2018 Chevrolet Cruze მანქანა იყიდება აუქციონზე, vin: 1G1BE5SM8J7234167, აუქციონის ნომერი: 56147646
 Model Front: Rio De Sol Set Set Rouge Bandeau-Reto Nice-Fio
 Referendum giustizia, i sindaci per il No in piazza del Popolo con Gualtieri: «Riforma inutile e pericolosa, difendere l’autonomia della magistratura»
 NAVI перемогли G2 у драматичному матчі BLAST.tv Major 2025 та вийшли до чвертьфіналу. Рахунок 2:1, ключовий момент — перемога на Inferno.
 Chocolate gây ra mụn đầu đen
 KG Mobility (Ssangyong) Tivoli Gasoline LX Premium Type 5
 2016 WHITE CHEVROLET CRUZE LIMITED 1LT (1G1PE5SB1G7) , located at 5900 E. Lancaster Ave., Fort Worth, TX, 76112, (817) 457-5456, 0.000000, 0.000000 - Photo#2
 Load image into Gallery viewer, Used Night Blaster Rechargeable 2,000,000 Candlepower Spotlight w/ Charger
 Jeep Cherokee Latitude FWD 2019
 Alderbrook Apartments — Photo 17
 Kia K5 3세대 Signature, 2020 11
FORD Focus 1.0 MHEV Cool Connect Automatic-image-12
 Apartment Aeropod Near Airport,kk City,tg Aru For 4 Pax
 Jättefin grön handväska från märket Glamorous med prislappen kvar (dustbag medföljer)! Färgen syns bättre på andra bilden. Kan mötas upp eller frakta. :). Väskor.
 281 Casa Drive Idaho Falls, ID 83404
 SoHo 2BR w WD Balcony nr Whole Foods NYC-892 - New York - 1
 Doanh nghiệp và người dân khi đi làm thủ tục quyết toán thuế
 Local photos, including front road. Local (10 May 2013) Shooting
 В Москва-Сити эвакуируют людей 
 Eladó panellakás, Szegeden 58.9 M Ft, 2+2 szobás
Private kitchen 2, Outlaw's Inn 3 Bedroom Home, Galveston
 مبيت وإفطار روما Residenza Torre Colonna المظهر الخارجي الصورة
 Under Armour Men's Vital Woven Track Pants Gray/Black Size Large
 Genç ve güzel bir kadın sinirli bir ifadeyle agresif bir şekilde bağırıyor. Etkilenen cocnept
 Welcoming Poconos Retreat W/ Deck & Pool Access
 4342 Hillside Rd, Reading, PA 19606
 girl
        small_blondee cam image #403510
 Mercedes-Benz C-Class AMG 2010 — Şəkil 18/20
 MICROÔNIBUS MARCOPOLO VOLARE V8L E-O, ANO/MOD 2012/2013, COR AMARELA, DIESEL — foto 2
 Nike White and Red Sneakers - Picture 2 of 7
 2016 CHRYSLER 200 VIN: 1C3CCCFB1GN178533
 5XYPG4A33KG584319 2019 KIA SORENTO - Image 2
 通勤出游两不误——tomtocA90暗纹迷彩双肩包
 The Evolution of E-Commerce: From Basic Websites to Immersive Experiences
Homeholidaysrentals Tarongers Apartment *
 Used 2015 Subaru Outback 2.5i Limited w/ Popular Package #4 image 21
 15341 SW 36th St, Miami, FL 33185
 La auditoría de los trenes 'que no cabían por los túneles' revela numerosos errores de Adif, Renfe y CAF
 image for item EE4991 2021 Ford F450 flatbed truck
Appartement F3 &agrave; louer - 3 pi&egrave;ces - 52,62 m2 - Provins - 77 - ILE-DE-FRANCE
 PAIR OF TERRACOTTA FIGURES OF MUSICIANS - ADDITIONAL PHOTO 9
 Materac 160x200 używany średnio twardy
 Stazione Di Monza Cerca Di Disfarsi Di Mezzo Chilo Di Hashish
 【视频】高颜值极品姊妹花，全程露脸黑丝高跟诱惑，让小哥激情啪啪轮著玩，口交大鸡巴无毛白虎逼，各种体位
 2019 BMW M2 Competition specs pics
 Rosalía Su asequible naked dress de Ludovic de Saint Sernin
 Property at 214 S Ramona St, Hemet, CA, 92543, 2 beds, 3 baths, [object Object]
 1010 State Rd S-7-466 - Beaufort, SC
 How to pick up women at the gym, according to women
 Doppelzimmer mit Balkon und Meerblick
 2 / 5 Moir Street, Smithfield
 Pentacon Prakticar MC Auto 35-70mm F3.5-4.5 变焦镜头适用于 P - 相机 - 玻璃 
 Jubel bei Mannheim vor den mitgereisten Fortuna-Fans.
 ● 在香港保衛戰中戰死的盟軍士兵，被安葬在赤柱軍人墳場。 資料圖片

____________________

## YOUR OBJECTIVE
Working from the material above, state how many lines contain "Used"; give only the number.

## EXERCISE RESULT
2